The idea behind most of those diets is straightforward and obvious: eat fewer calories and you will lose weight.

But that’s not what actually happened: instead the diet trend coincided with mass weight gain and the beginnings of the obesity epidemic.

According to research, most dieters will regain almost all of what they lose – which is why the typical dieter tries a new bright and shiny personal transformation plan four times a year.

Change fails, try a new approach, spend more money.

A few weeks ago I wrote The Big Problem With Change Programmes – my most popular post for a year. It drew a lot of responses and messages. Here’s a selection:

“There’s a sense of complete deja vu – we’ve been here before and because the last one didn’t work it’s hard for even the most positive of us to be excited.”

“Change programmes are an industrialized construct and, as such, they are rarely culturally insightful because they often fail to get under the skin of the deep issues around how a group of people adapts and changes.”

” Our organisation are doing ‘change theatre’ – spending a lot of money on consultants helping us address things that will change the organisation as little as possible. The big complex issues are being ignored.”

The common theme – hired help brought in every few years to sort things out – is well illustrated by Ian Watt who describes regular ‘corporate convulsions’ that fail to transform anything – as predictably as a January diet.

Does Big Consultancy Really Work?


One of the reasons it’s hard to evaluate the relative success of change programmes is very few organisations share what actually happened, how much they spent, and almost none share which ones failed.

Similarly, the use of big consultancy is shrouded in mystery.

According to the main industry body in the UK, the Management Consultancies Association (MCA) , for every £1 spent on consulting fees, you can expect £6 in return.

However, a new study by Ian Kirkpatrick , Andrew Sturdy and Gianluca Veronesi challenges that view.

What if consultancy is actually making you more inefficient?

The study – across 120 NHS trusts – showed that management consulting didn’t make the organisations more efficient – it had precisely the opposite effect.

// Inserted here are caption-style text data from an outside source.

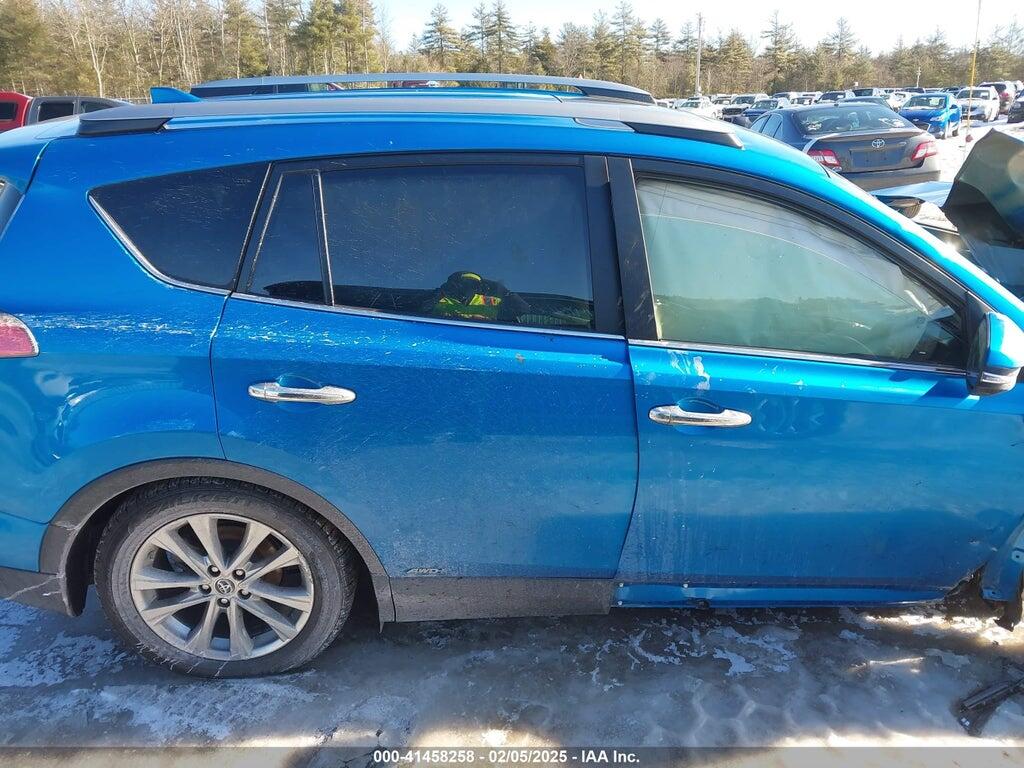 JTMDJREV9HD143122 2017 TOYOTA RAV4 HYBRID photo no. 12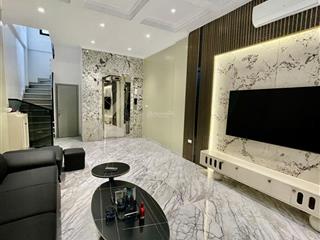 Bán nhà nguyễn công hoan 45m2  7 tầng thang máy ô tô vào nhà full nội thất cao cấp chỉ 19.5 tỷ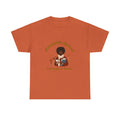 Pumpkin Spiced 4 Unisex Heavy Cotton Tee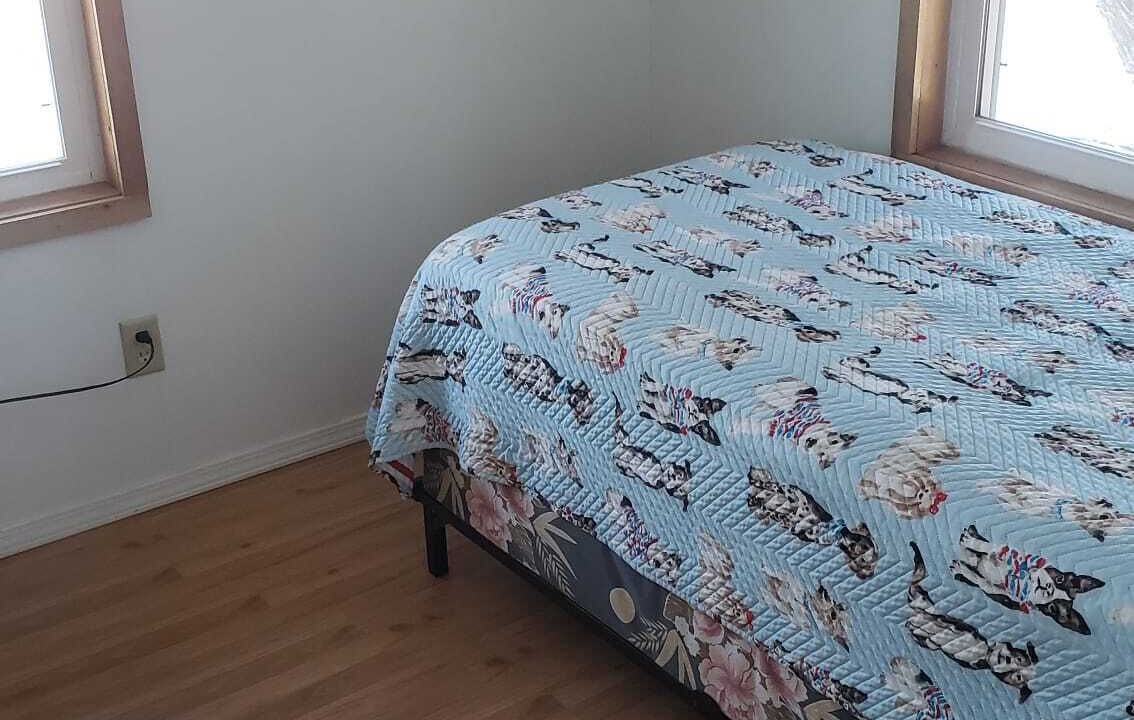 Photo of Bedroom in Tainter Lake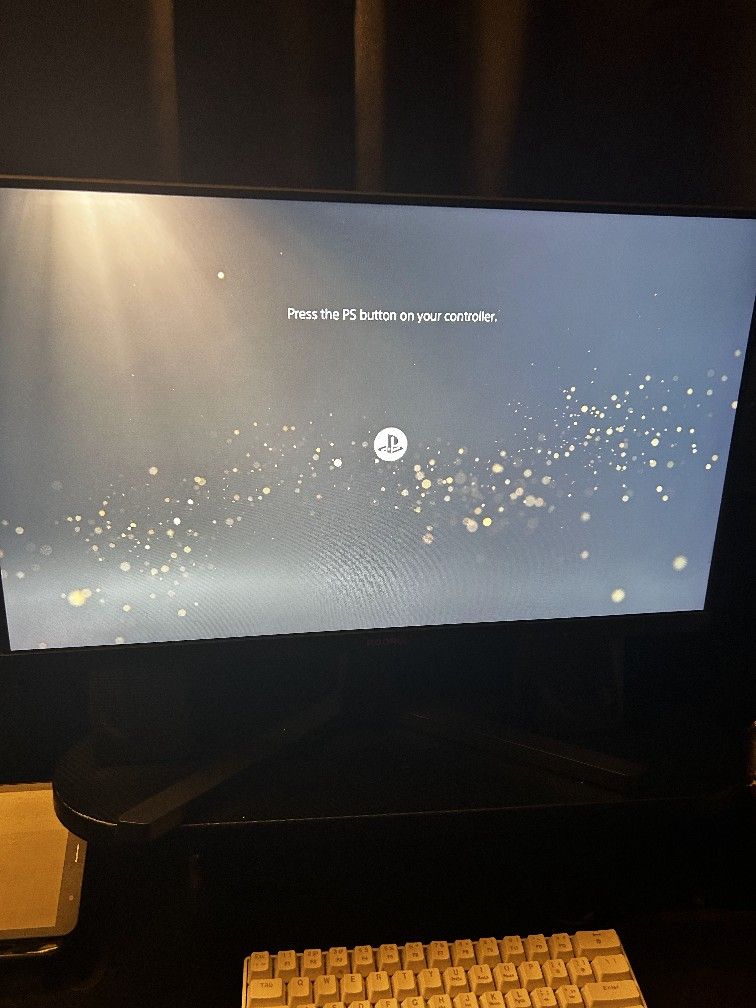 Gaming Monitor Koorui 24in. 144hz 1080p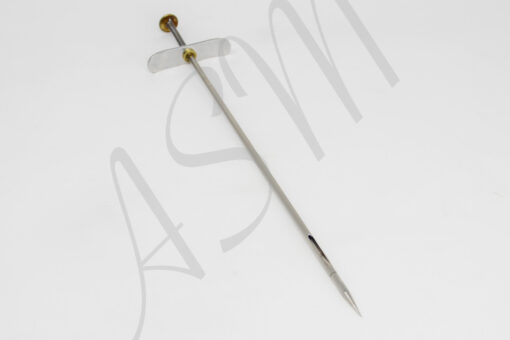 C.S. Osborne No. 417-L 18" Long Tufting Needle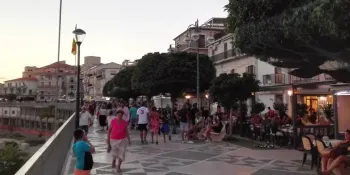 Diamante, sequestrata struttura balneare: occupazione abusiva di demanio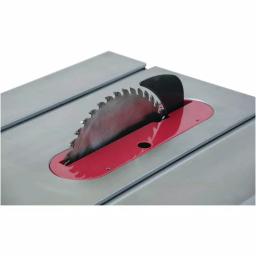 Grizzly Industrial Shop Fox 10 in. 5 HP 240-Volt Cabinet Left-Tilting Table Saw with Integrated Router Table thumbnail 4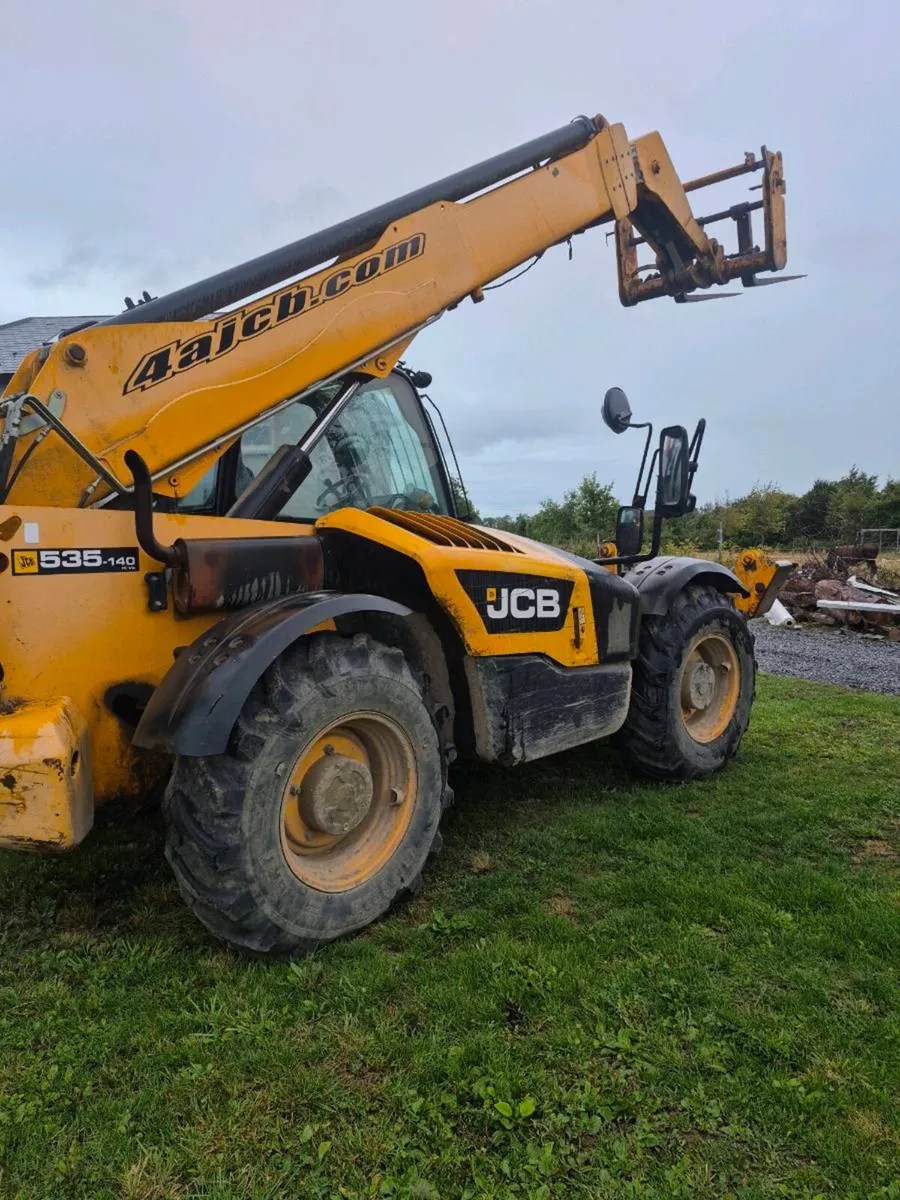 Jcb 535-140 - Image 1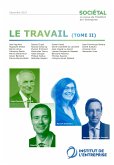 Revue Sociétal : Le travail - Tome 2 (fixed-layout eBook, ePUB)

NHS yearly expenditure on management consultants almost doubled from £313 million in 2010 to £640 million in 2014.

The study shows that in some cases spending on management consultants did improve efficiency, but overall consulting use generated inefficiency, thus making the financial situation of clients worse.

Although the inefficiencies were relatively small it doesn’t take into account the amount of money paid to consultants and – perhaps more importantly – the huge amounts of time and resource involved.

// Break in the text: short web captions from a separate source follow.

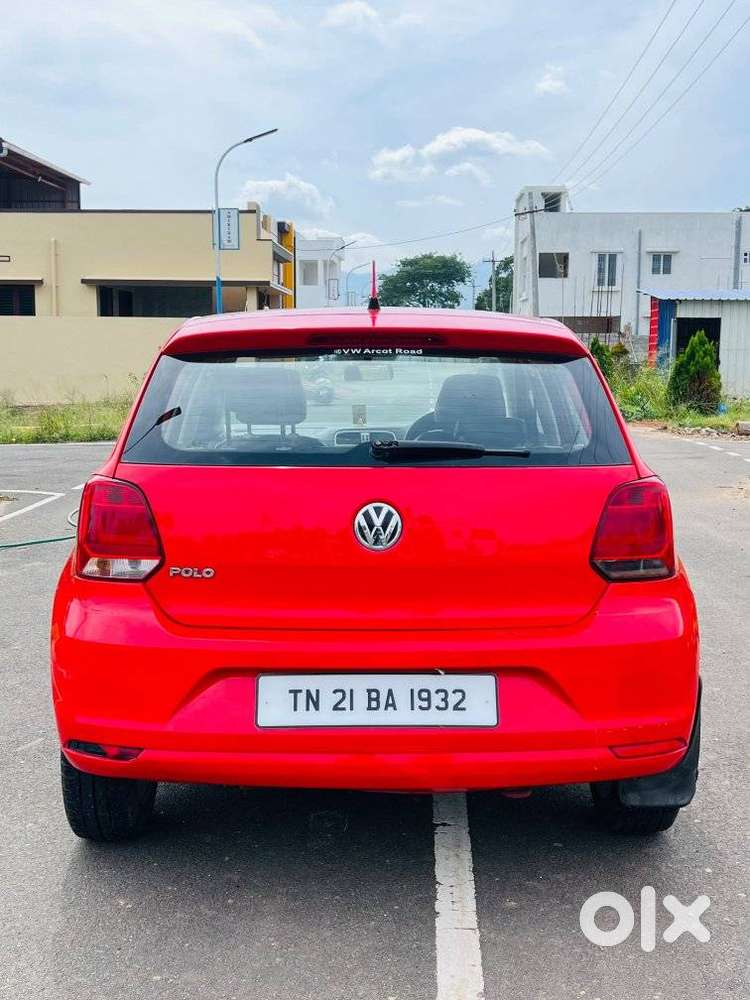 Volkswagen Polo 1.5 Tdi Highline, 2015, Petrol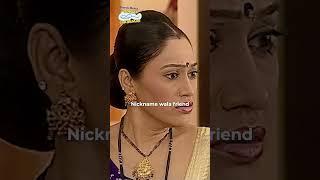 Nichname wala friendtmkoc funny comedy relatable shorts funnyshorts comedyshorts [upl. by Sikes]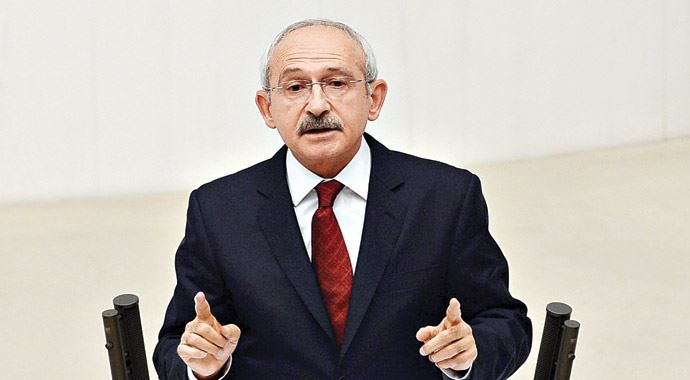 Kemal Kılıçdaroğlu, &#039;Bu bütçe meşru değil&#039;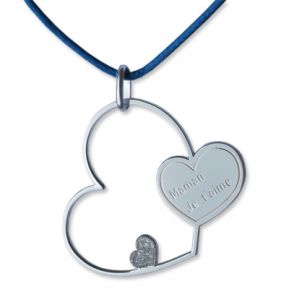 Collana Maman je t'aime Collana Maman je t'aime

It notes that NHS organisations have been either unable or unwilling to engage in the formal evaluation of management consulting, resulting in an absence of ‘rigorous, peer reviewable, transparent data’.

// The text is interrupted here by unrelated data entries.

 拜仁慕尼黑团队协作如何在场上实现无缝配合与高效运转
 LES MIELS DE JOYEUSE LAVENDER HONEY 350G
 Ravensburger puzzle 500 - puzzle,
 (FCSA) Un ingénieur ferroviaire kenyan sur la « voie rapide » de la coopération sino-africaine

The study also highlights the active role of management consultants in pushing services when there is no need for them. Change for the sake of change.

Perhaps – as Chris Bolton has written – we should instead be seeking minimum viable transformation, and change should be small and imperfect:

“Most Transformation Programmes are about BIG ideas (and BIG language), where there is little room for failure.”

These corporate convulsions are little more than crash diets, where the weight is almost certainly going to pile back on.

At Bromford as part of our programmeOne approach, we’ve taken time to look at the case for change, redesigning all 31 service areas and mixing larger-scale transformation with small-scale experimentation.

Part of that included a lot of time spent looking at why previous attempts hadn’t worked and getting deeper into problem definition. As David Anderton has said that means convincing your organisation that you’re not that special , and not creating bespoke solutions for problems that don’t exist. We only need change where it makes a tangible difference to customers.

Amazon, so we are told, have never had a change programme.

Just as a permanent lifestyle change is a flexible, ongoing process that involves body, mind and spirit — so changing an organisation is a journey without end and not a fixed point ‘transformation’.